- Box art by Cliff Spohn
- Developer: Atari, Inc.
- Publishers: Atari, Inc.
- Programmer: Alan Miller
- Platforms: Atari 2600, Atari 8-bit
- Release: 2600October 1978; Atari 8-bit1979;
- Genre: Sports (basketball)
- Modes: Single-player, multiplayer

= Basketball (1978 video game) =

1978 video game

Basketball is a 1978 basketball video game programmed by Alan Miller and published by Atari, Inc. for the Atari Video Computer System (later renamed the Atari 2600). The cartridge presents a game of one-on-one basketball and can be played by one or two players, one of the few early VCS titles to have a single-player mode with an AI-controlled opponent. Miller wrote a version of Basketball for Atari 8-bit computers with improved graphics, published in 1979. That same year, an arcade version similar to the computer port was released by Atari, but in black and white.

==Gameplay==

The purple player is dribbling a square, blue ball (Atari VCS).

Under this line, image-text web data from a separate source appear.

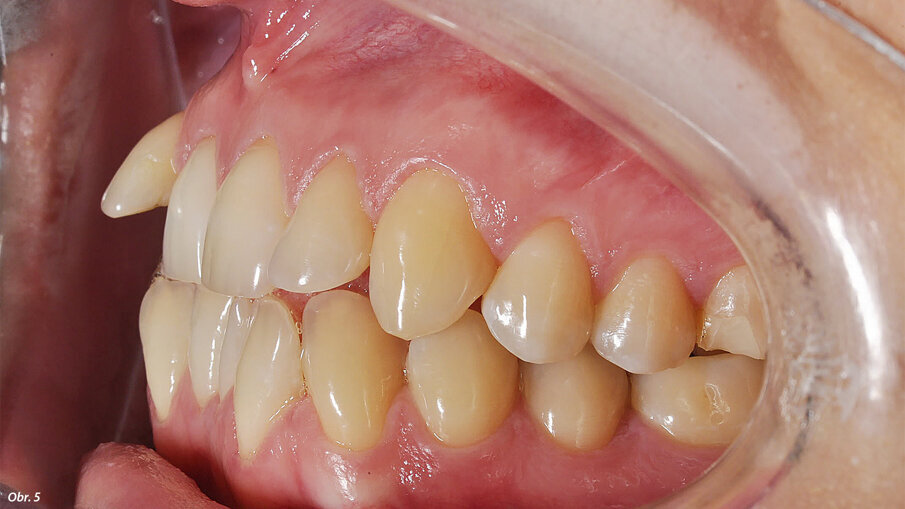 EIntraorální fotografie počátečního stavu pacientky.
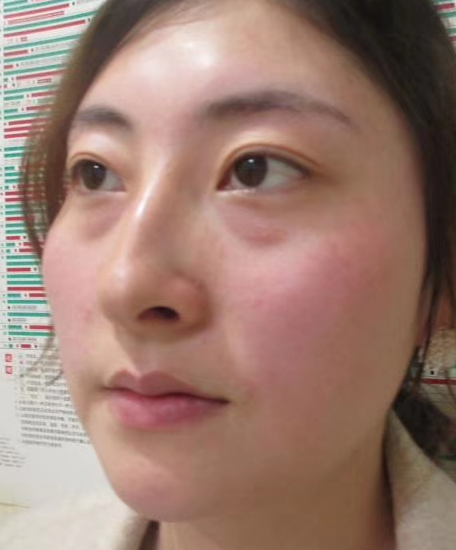 去眼袋手术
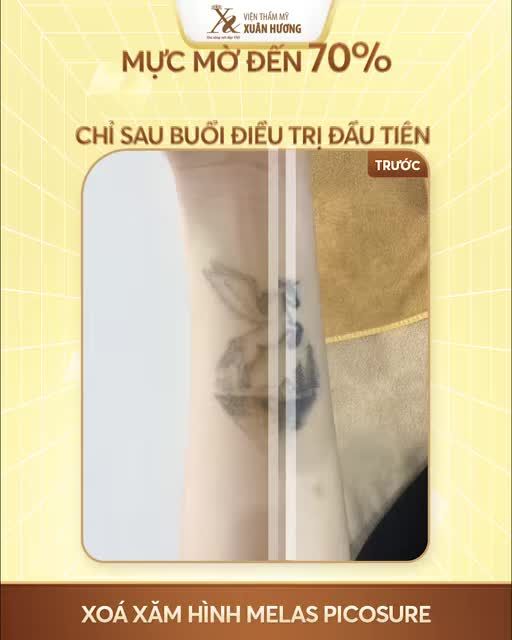 MỰC MỜ NGAY SAU LẦN XÓA XĂM ĐẦU TIÊN VỚI CÔNG NGHỆ MELAS PICOSURE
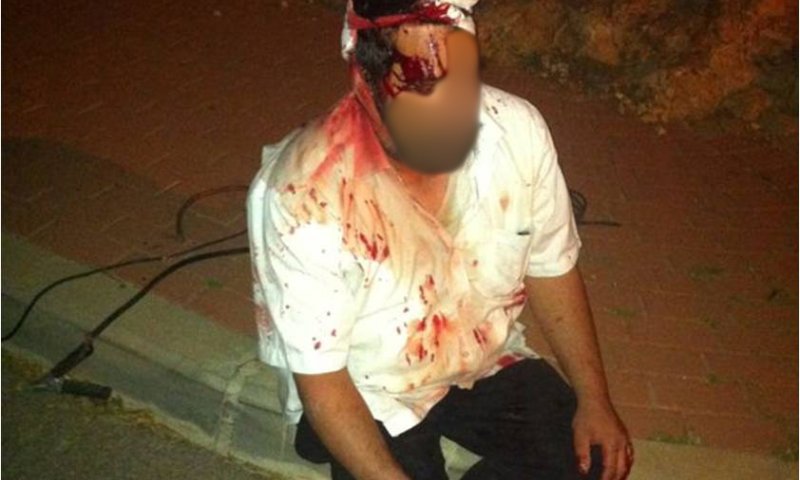 מצבו של היהודי שנפגע בראשו מאבן ממשיך להיות קשה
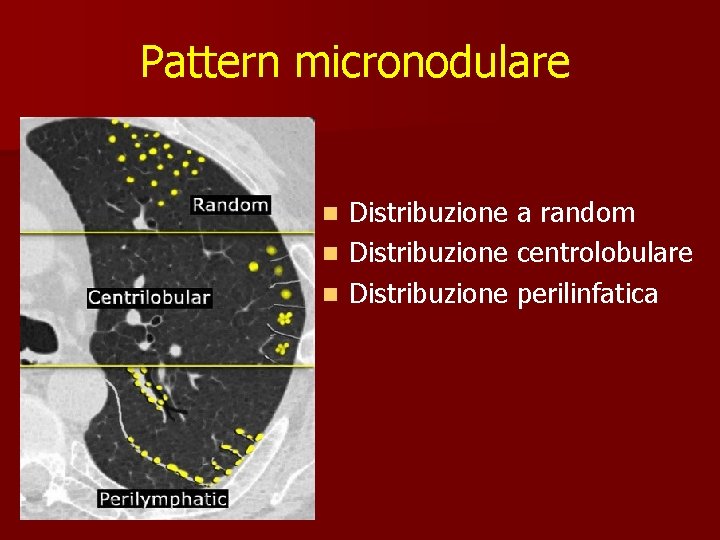 Pattern micronodulare Distribuzione a random n Distribuzione centrolobulare n Distribuzione perilinfatica n 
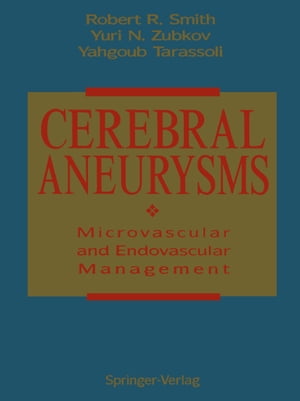 Cerebral Aneurysms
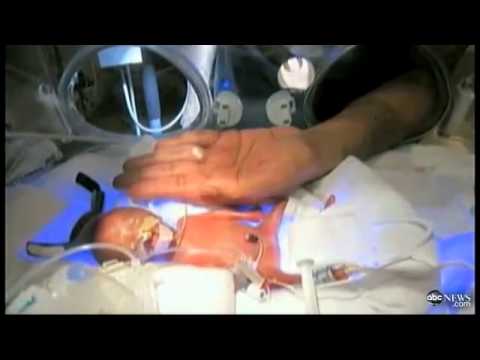 Baby Melinda Video Inspires: Miracle Premature Baby, Size of Human Fist, to Go Home
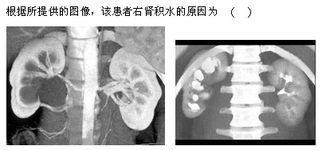 2013年高级卫生专业技术资格考试 放射医学练习题及答案（1月6日放射卫生技术服务专题）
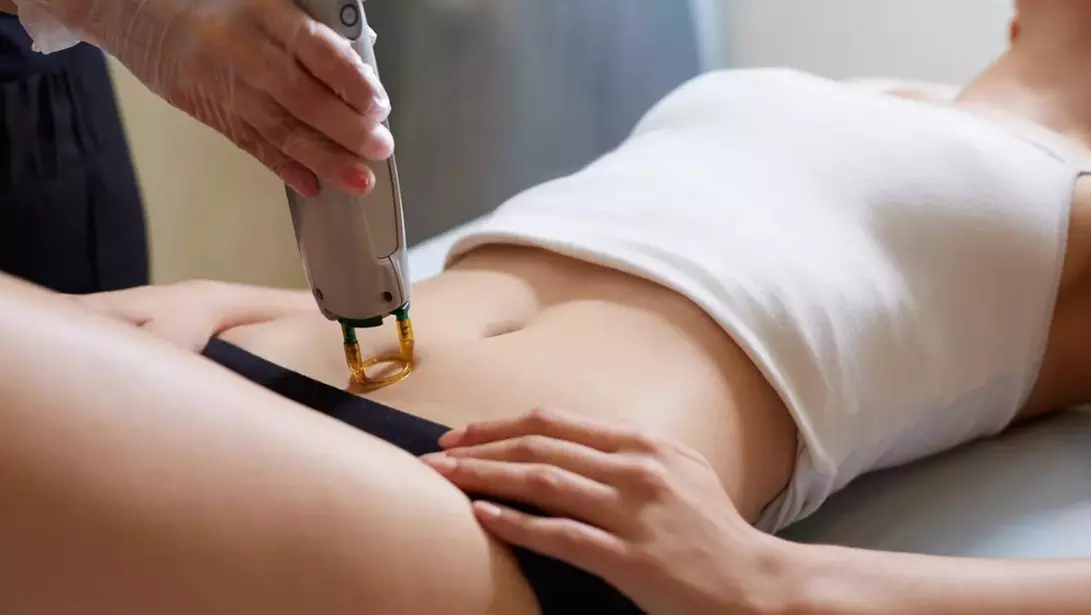 Six Laser Hair Removal Sessions on Small, Medium, or Large Areas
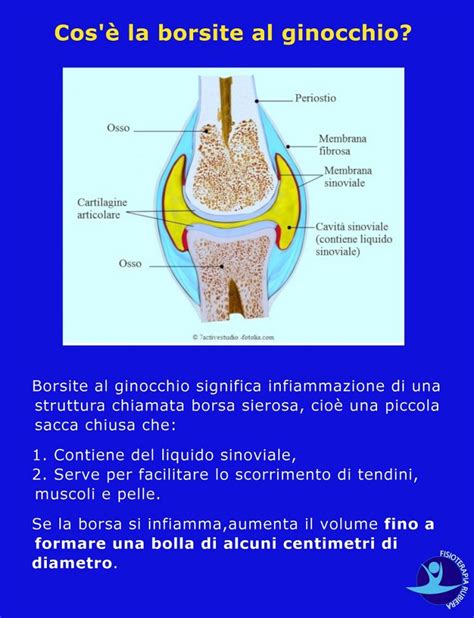 Borsite Al Ginocchio I Sintomi E La Fisioterapia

At the start of the game, both players are in the center of the court. A jump ball is thrown between them to begin play. The player in the offensive position (in possession of the ball) always faces a basket representing the assigned shooting target, and the defensive player always faces the opponent. Each player can move in eight directions with the joystick; the player who has the ball constantly dribbles it. The defensive player may steal the ball when it leaves the opponent's hands (either in mid-dribble or mid-shot).

After either player scores, the shooter is reset to the center of the court and becomes the defensive player while the former defender is positioned under the basket to inbound the ball. The player with the higher score after four minutes is the winner.

The game has two difficulty levels selected with the Difficulty Switch. In "B" position, the player can move from goal to goal much more quickly than the "A" position.

==Reception==
In Video magazine's "Arcade Alley" review column, reviewers described it as "that rare game that plays well solitaire or with a human opponent," and noted "the game definitely captures the flavor of basketball." The "fan's eye perspective" was singled out for particular praise, and the game as a whole was found to "offer the most exciting four minutes of one-on-one hoop action [the reviewers had] seen so far."

==Legacy==
In the 1980 comedy film Airplane!, flight controllers are seen playing Atari VCS Basketball rather than watching the monitor.